Take Death of a Salesman. People treat Willy Loman like he’s some mythological figure of tragic proportions. He’s a guy working for an MLM who hallucinates his brother in the backyard! I wrote him to show the exhausting delusion of the American dream, not to provide a playground for every experimental director to stage the play entirely on a set made of trampolines to symbolize "the unstable bounce of the economy."
I remember sitting with Marilyn in our Connecticut kitchen, sometime in ‘57, and she looked up from her toast and said, "Artie, do you think people will still be performing 'All My Sons' in seventy years?" And I laughed so hard I farted. I said, "Darling, by 2026, nobody is going to care about a 1940s manufacturer who sold faulty airplane cylinder heads."
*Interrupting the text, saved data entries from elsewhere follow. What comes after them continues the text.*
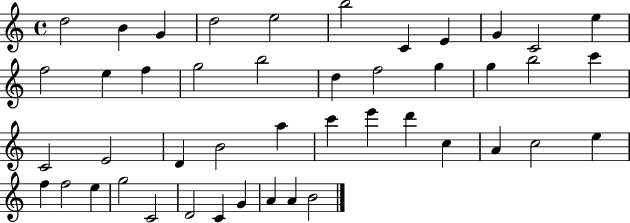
{
  \clef treble
  \time 4/4
  \defaultTimeSignature
  \key c \major
  d''2 b'4 g'4 | d''2 e''2 | b''2 c'4 e'4 | g'4 c'2 e''4 | \break f''2 e''4 f''4 | g''2 b''2 | d''4 f''2 g''4 | g''4 b''2 c'''4 | \break c'2 e'2 | d'4 b'2 a''4 | c'''4 e'''4 d'''4 c''4 | a'4 c''2 e''4 | \break f''4 f''2 e''4 | g''2 c'2 | d'2 c'4 g'4 | a'4 a'4 b'2 | \break \bar "|."
}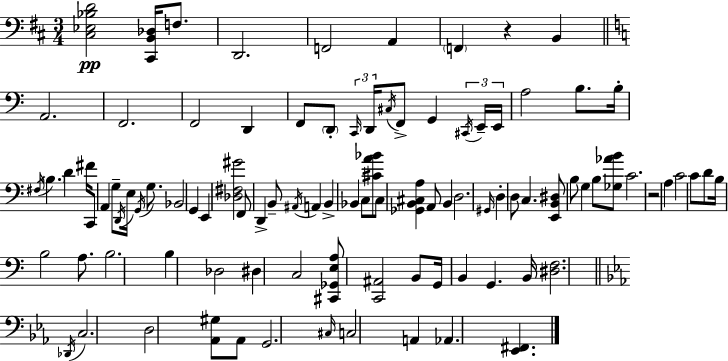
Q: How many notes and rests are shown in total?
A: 97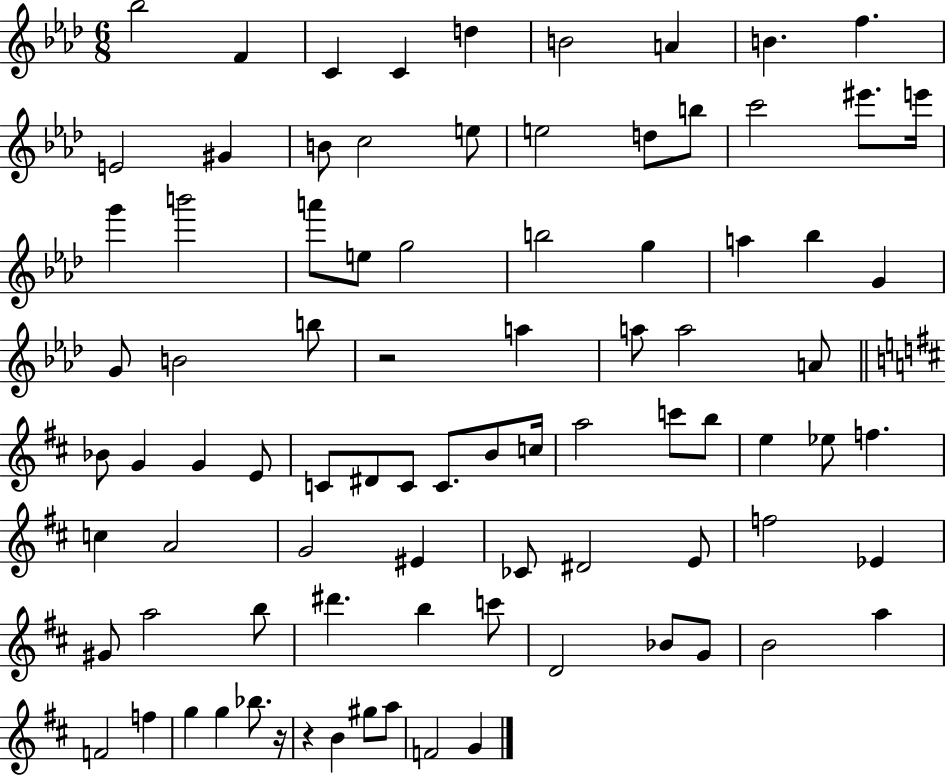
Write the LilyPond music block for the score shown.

{
  \clef treble
  \numericTimeSignature
  \time 6/8
  \key aes \major
  bes''2 f'4 | c'4 c'4 d''4 | b'2 a'4 | b'4. f''4. | \break e'2 gis'4 | b'8 c''2 e''8 | e''2 d''8 b''8 | c'''2 eis'''8. e'''16 | \break g'''4 b'''2 | a'''8 e''8 g''2 | b''2 g''4 | a''4 bes''4 g'4 | \break g'8 b'2 b''8 | r2 a''4 | a''8 a''2 a'8 | \bar "||" \break \key d \major bes'8 g'4 g'4 e'8 | c'8 dis'8 c'8 c'8. b'8 c''16 | a''2 c'''8 b''8 | e''4 ees''8 f''4. | \break c''4 a'2 | g'2 eis'4 | ces'8 dis'2 e'8 | f''2 ees'4 | \break gis'8 a''2 b''8 | dis'''4. b''4 c'''8 | d'2 bes'8 g'8 | b'2 a''4 | \break f'2 f''4 | g''4 g''4 bes''8. r16 | r4 b'4 gis''8 a''8 | f'2 g'4 | \break \bar "|."
}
Yet here we are. You’ve got famous film actors taking breaks from superhero franchises just to come to Broadway, sweat through a tweed suit, and yell at a kitchen table for two and a half hours.
It reminds me of the time Paul Newman decided he wanted to play Biff in a summer stock production up in Maine. During the big emotional climax where Biff cries on Willy’s shoulder, a woman seated in the front row fainted so violently she concussed herself on the rail. Paul didn't skip a beat. He paused, winked at the unconscious woman, did forty push-ups to keep his heart rate up, and then finished the scene. Humphrey Bogart was in the wings, completely plastered, shouting, "Give 'em the blue eyes, kid! Give 'em the blue eyes!"
You don't get that kind of showmanship anymore. Now you just get "concept" revivals. I heard rumors of a production of The Crucible next season where the witches are all represented by air fryers to comment on the "automated nature of oppression."
Please. I beg of you. Look at the thousands of brilliant, contemporary plays sitting on desks right now. Produce those. Give some living playwright the chance to watch a director completely misinterpret their work. Let me rest.
If you absolutely must perform my work to fill your seasonal subscriptions, at least have the decency to do one of the weird ones. Where is the high school production of The Creation of the World and Other Business? Why isn't anyone reviving The Ride Down Mt. Morgan?
Until then, I’ll be up here, splitting a sleeve of stale saltines with Arthur Miller’s greatest critic: Arthur Miller. And if I see one more poster featuring a silhouette of a man holding a briefcase in front of a chain-link fence, I am going to find a way to haunt your box office.